Thursday, May 19, 2016

A Good Development in the Start-Up Scene

This week a piece in the Pittsburgh “Business Times” announced that Jason Yablinsky, VP of Finance for local jobs recruitment platform company Jazz [formerly named The Resumator] is leaving that firm to become CEO of a brand new startup, SubCentral.io.  Good for Mr. Yablinsky but more importantly this speaks to the growing strength of Pittsburgh’s startup scene.

SubCentral.io has received an initial investment of half a million already and already has five employees.  Jazz itself is well on its way to greater success by all accounts and is thus spinning off talent to other ventures.  Most importantly, the fact that staff feels comfortable enough to jump from one startup to another newer [re: riskier] one means that Pittsburgh is building an ecosystem of companies that rely on similar skill sets.  When people make decisions about job locations, one consideration is always “If I have to leave a position, will there be other job opportunities for me within the same area?”  Regions around Seattle , Boston and the Silicon Valley all provide a large enough pool of jobs that people looking to build their careers are confident in accepting jobs in those areas.  Pittsburgh needs more of that and seems well on its way.


A small story with big, positive implications.  Congrats to all.

Wednesday, May 4, 2016

Our Employment Problem, Part 2

OK let’s start out with this: it has nothing to do with the weather.  Or even the perception of the weather.

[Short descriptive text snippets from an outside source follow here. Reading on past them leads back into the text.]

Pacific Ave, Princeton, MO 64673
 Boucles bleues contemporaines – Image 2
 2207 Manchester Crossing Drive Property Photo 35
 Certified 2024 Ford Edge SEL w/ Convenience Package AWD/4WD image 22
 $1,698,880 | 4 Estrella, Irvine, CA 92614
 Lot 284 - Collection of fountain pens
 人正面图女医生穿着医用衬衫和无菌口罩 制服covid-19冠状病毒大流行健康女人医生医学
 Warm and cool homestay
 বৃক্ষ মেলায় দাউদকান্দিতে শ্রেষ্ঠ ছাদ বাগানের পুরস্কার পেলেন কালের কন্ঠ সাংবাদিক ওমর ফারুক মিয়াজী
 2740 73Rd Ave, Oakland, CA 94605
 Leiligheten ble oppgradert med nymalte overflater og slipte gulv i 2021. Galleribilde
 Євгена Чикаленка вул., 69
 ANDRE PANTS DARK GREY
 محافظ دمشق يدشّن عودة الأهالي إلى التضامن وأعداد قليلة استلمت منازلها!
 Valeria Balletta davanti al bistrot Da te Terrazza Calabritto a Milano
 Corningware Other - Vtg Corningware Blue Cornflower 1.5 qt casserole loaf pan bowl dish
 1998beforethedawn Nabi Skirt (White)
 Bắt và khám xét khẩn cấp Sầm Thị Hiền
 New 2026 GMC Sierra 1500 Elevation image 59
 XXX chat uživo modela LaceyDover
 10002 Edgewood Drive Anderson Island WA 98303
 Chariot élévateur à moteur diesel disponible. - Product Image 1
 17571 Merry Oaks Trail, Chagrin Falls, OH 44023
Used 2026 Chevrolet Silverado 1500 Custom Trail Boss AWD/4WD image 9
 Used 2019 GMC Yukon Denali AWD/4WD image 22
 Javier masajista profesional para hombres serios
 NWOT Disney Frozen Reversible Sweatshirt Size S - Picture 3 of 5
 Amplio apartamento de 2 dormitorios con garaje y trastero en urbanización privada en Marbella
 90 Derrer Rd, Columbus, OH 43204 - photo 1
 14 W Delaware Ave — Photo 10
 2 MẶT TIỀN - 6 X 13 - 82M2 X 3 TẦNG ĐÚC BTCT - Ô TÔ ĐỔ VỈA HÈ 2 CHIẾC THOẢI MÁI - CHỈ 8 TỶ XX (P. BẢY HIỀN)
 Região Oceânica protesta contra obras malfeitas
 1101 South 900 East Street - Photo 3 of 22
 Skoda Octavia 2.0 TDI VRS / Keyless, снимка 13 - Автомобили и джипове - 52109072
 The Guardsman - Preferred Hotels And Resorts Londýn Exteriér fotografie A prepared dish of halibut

One person’s chaff is another’s wheat, you might say.  So to all those regional crepe-hangers who claim Pittsburgh’s growth is held back by its weather, I say “you need to get out more”.  Do you think higher growth locales like Chicago, Minneapolis or Boston have better weather?  Really?  OK. Now let’s get serious.

I still believe Pittsburgh and the Tri-State region’s job creation woes can be helped with more, better, increased, and improved education of its citizens.  For this piece allow me to present empirical evidence based on anecdotal reports, with a nod to a couple statistics.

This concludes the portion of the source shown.